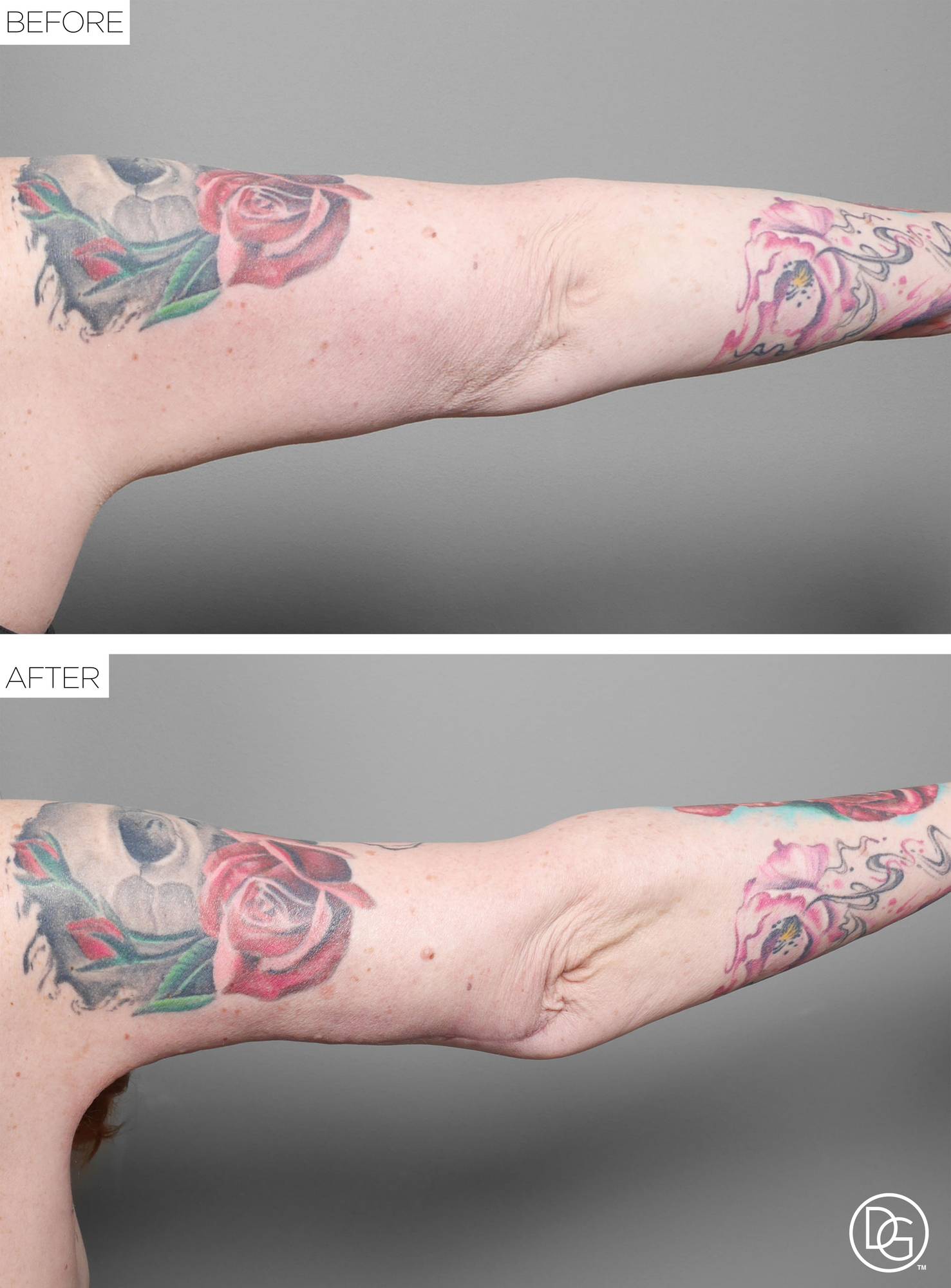 Before & After Image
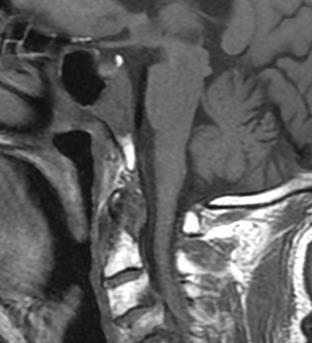 (b) Bir sonraki tetkikte hastanın klivus posterior kesiminde izlenen hipointens lezyonun büyüdüğü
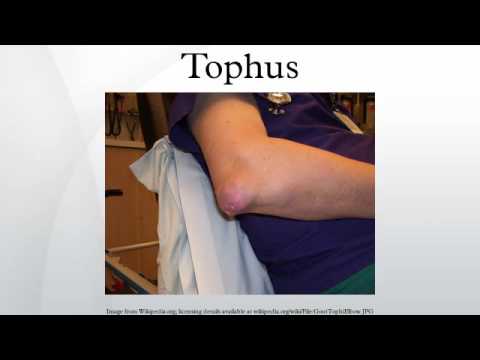 Vídeo: Tophus En Gota: Eliminación De Tophi, Tratamiento Y Más
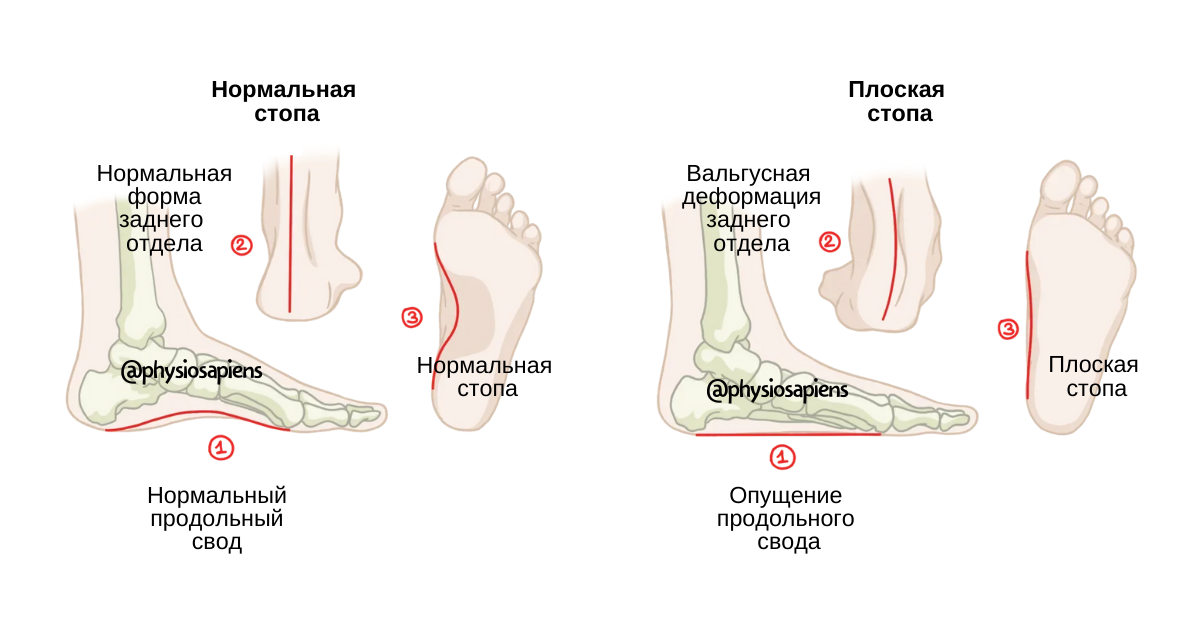 Почему стопа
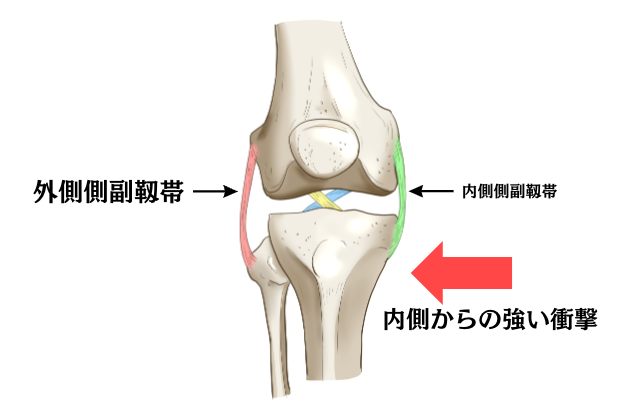 外側側副靱帯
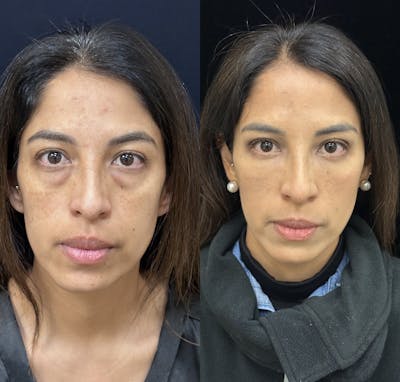 Lower Blepharoplasty Before & After Gallery - Patient 176994 - Image 2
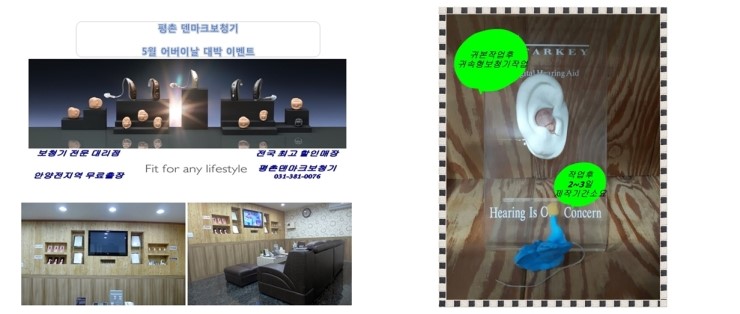  안양보청기-평촌보청기에서 보청기 구입하기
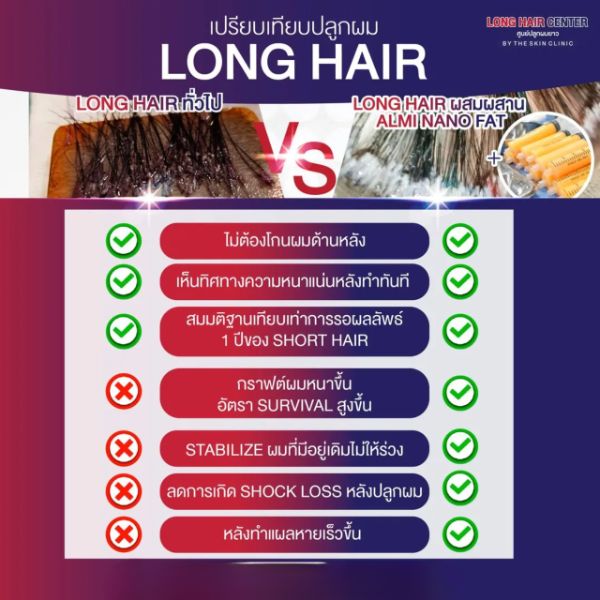 ALMI Nano fat ฟื้นฟูรากผม คลินิก ปลูกผม ทางเลือกใหม่ที่ปลอดภัย ไม่ต้องปลูกผม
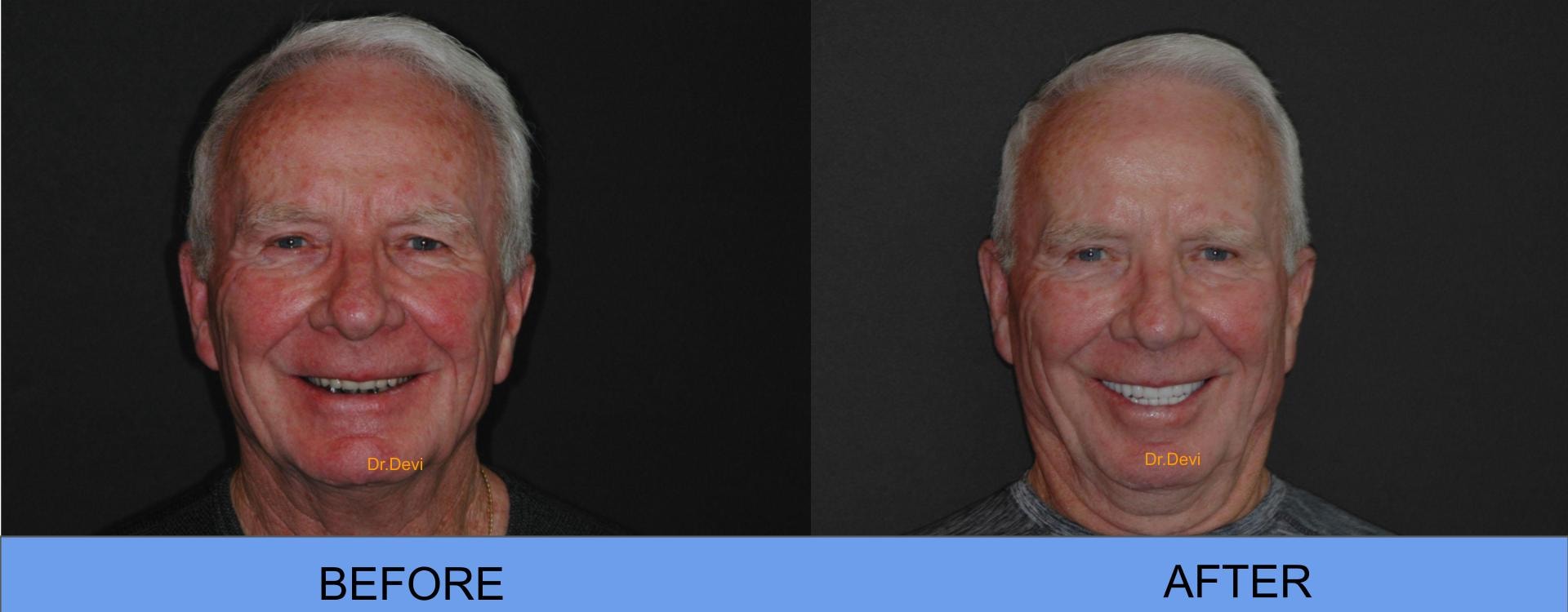 Before and After — All-on-4® Patient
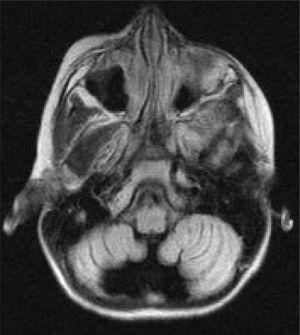 Axial FLAIR cérebro ressonância magnética do paciente 3. O estudo de ressonância magnética de 32 meses revela atrofia cerebelar.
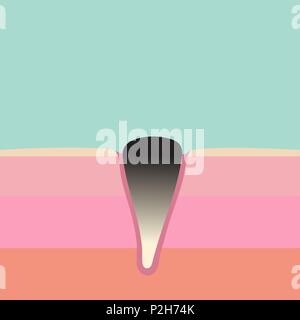 Illustrazione Vettoriale della struttura blackhead schema - strati di pelle lato tagliato e anatomia di un intasamento dei pori con blackhead batteriche acne. Illustrazione Vettoriale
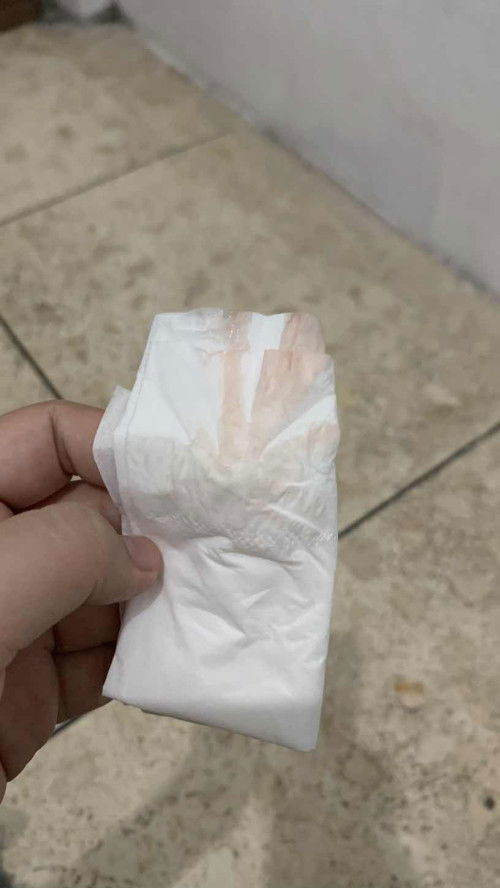 Keluar darah sedikit kadang berwarna pink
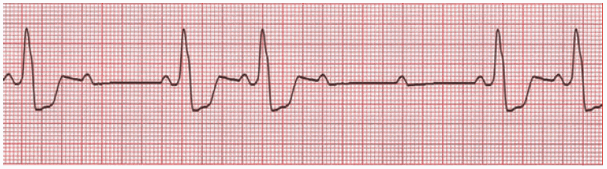 Chẩn đoán và điều trị block nhĩ thất
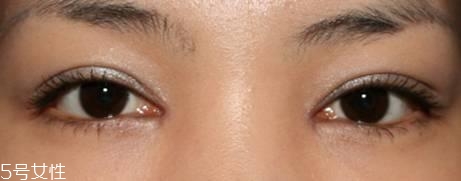 怎么縮短開眼角疤痕消失時(shí)間？雙眼皮開眼角恢復(fù)過程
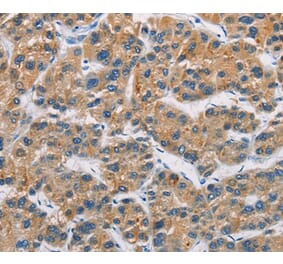 Immunohistochemistry - CERK Antibody from Signalway Antibody (36237) - Antibodies.com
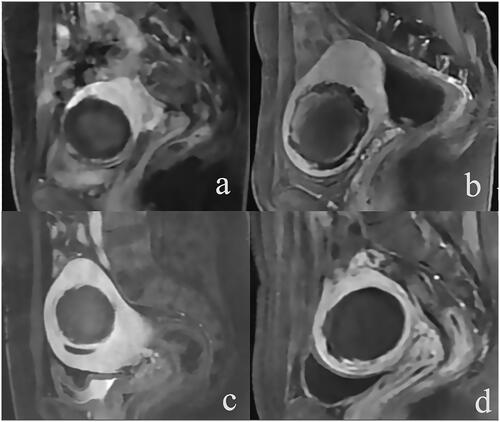 Figure 1. Enhanced MR images of uterine fibroids with different ablation rates (NPVR) after HIFU treatment (a) For anterior uterine fibroids, no perfusion volume (NPV) was 48.1 cm3, and NPVR was 62.3%. (b) Anterior uterine fibroids, with NPV of 69.1 cm3 and NPVR of 72.0%; (c) Anterior uterine fibroids, with NPV of 90.2 cm3 and NPVR of 88.9%; (d) Anterior uterine fibroids, NPV 69.2 cm3, NPVR 99.6%.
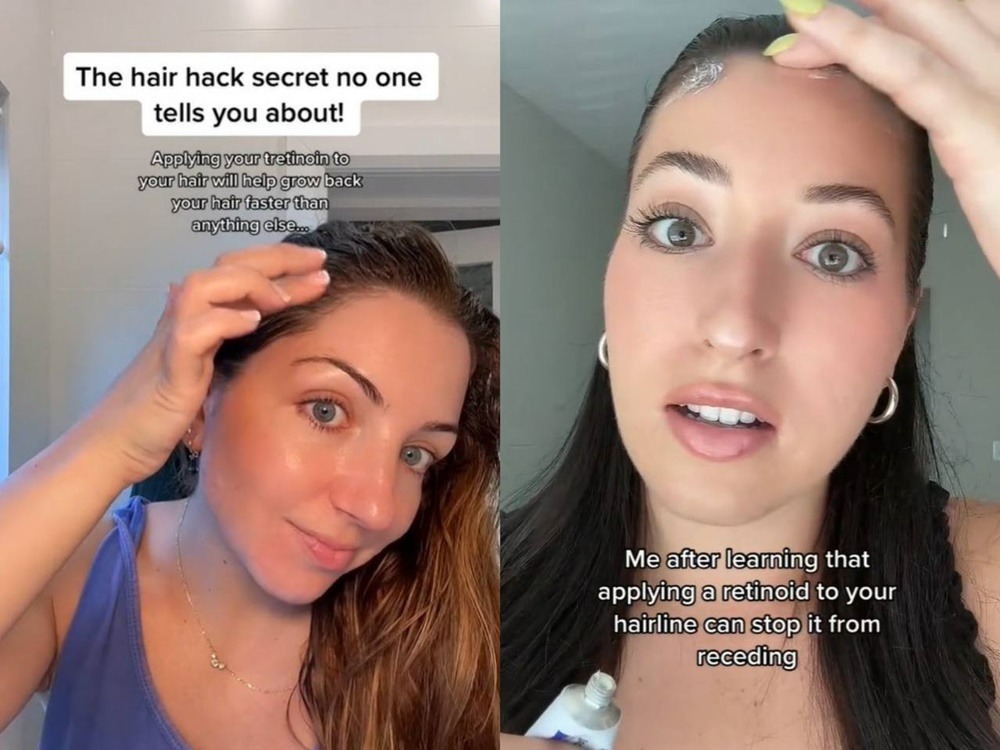 pendapat-ahli-mengenai-tretionoin-untuk-mengatasi-rambut-rontok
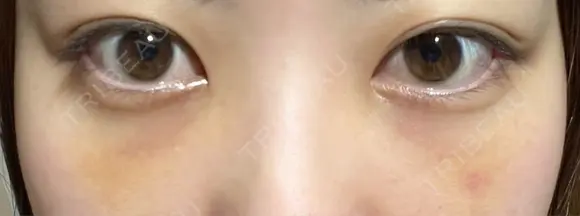 クマ治療 / 下まぶたたるみ取り / 下まぶたの脂肪取り APOLLO BEAUTY CLINIC DAY 6 メイン用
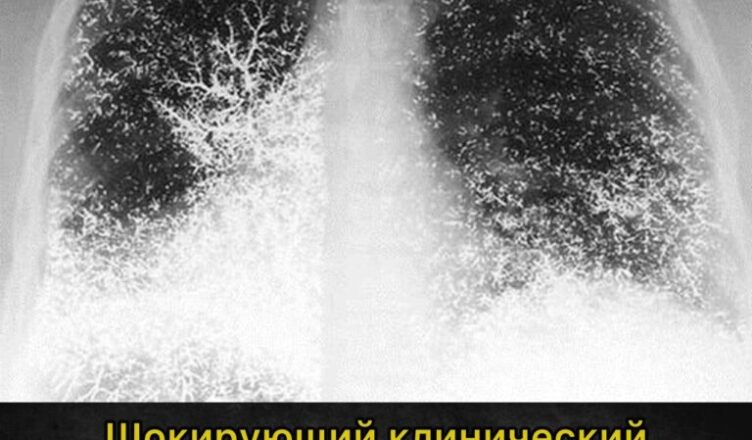 21-летняя девушка ввела себе ртуть прямо в вену…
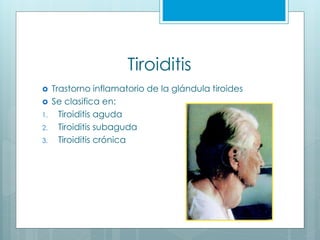 Tiroiditis
 Trastorno inflamatorio de la glándula tiroides
 Se clasifica en:
1. Tiroiditis aguda
2. Tiroiditis subaguda
3. Tiroiditis crónica
 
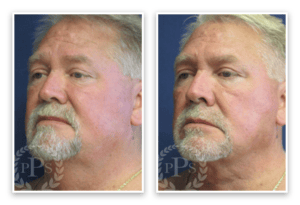 Liposuction #010, before and after photo, view 2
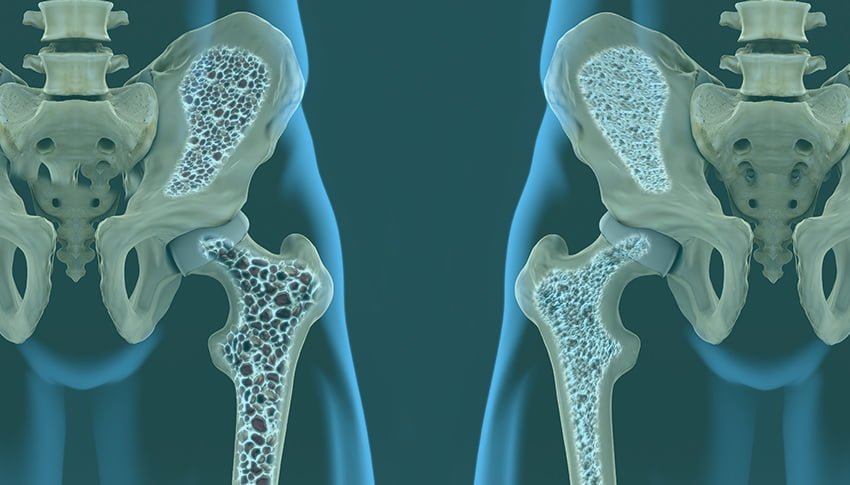 el papel de los estrogenos en la salud osea y la osteoporosis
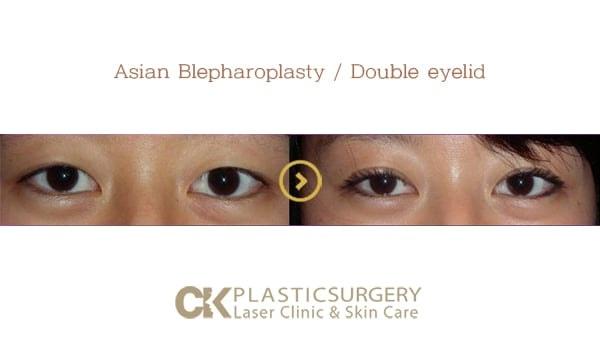 CK Plastic Surgery eyelid lift result — Los Angeles, CA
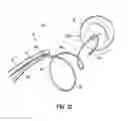 Fig. 03 - Systems and methods for treating the heart with ablation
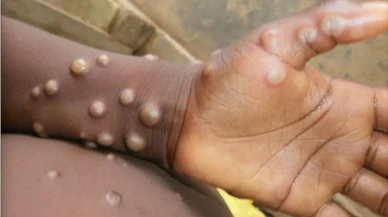 Afrika,  Maymun Çiçeği Virüsü Nedeniyle Acil Durum İlan Etti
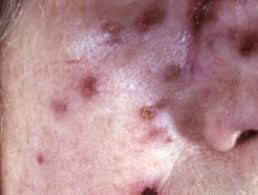 pathomechanism of bazin's tuberculosis indurativa. Tuberculids Dermnet Nz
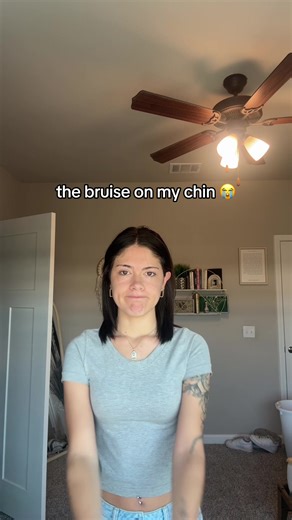 make a TikTok or go see a doctor clearly the options were weighed | chin thing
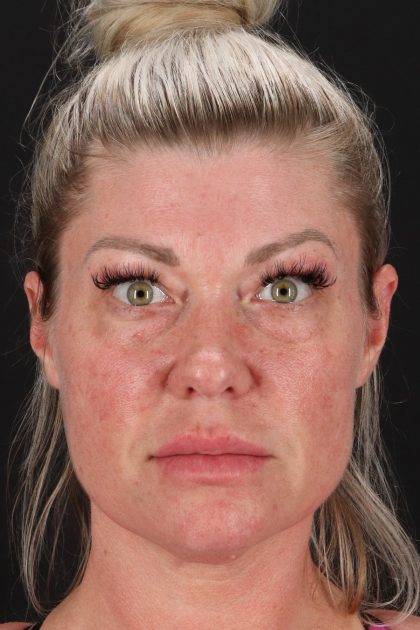 Lower Blepharoplasty Before & After Patient #13030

::::

A word-for-word copy of the listing is the goal; keep every picture out of it.

 Before & After Image
 (b) Bir sonraki tetkikte hastanın klivus posterior kesiminde izlenen hipointens lezyonun büyüdüğü
 Vídeo: Tophus En Gota: Eliminación De Tophi, Tratamiento Y Más
 Почему стопа
 外側側副靱帯
 Lower Blepharoplasty Before & After Gallery - Patient 176994 - Image 2
  안양보청기-평촌보청기에서 보청기 구입하기
 ALMI Nano fat ฟื้นฟูรากผม คลินิก ปลูกผม ทางเลือกใหม่ที่ปลอดภัย ไม่ต้องปลูกผม
 Before and After — All-on-4® Patient
 Axial FLAIR cérebro ressonância magnética do paciente 3. O estudo de ressonância magnética de 32 meses revela atrofia cerebelar.
 Illustrazione Vettoriale della struttura blackhead schema - strati di pelle lato tagliato e anatomia di un intasamento dei pori con blackhead batteriche acne. Illustrazione Vettoriale
 Keluar darah sedikit kadang berwarna pink
 Chẩn đoán và điều trị block nhĩ thất
 怎么縮短開眼角疤痕消失時(shí)間？雙眼皮開眼角恢復(fù)過程
 Immunohistochemistry - CERK Antibody from Signalway Antibody (36237) - Antibodies.com
 Figure 1. Enhanced MR images of uterine fibroids with different ablation rates (NPVR) after HIFU treatment (a) For anterior uterine fibroids, no perfusion volume (NPV) was 48.1 cm3, and NPVR was 62.3%. (b) Anterior uterine fibroids, with NPV of 69.1 cm3 and NPVR of 72.0%; (c) Anterior uterine fibroids, with NPV of 90.2 cm3 and NPVR of 88.9%; (d) Anterior uterine fibroids, NPV 69.2 cm3, NPVR 99.6%.
 pendapat-ahli-mengenai-tretionoin-untuk-mengatasi-rambut-rontok
 クマ治療 / 下まぶたたるみ取り / 下まぶたの脂肪取り APOLLO BEAUTY CLINIC DAY 6 メイン用
 21-летняя девушка ввела себе ртуть прямо в вену…
 Tiroiditis
 Trastorno inflamatorio de la glándula tiroides
 Se clasifica en:
1. Tiroiditis aguda
2. Tiroiditis subaguda
3. Tiroiditis crónica
 
 Liposuction #010, before and after photo, view 2
 el papel de los estrogenos en la salud osea y la osteoporosis
 CK Plastic Surgery eyelid lift result — Los Angeles, CA
 Fig. 03 - Systems and methods for treating the heart with ablation
 Afrika,  Maymun Çiçeği Virüsü Nedeniyle Acil Durum İlan Etti
 pathomechanism of bazin's tuberculosis indurativa. Tuberculids Dermnet Nz
 make a TikTok or go see a doctor clearly the options were weighed | chin thing
 Lower Blepharoplasty Before & After Patient #13030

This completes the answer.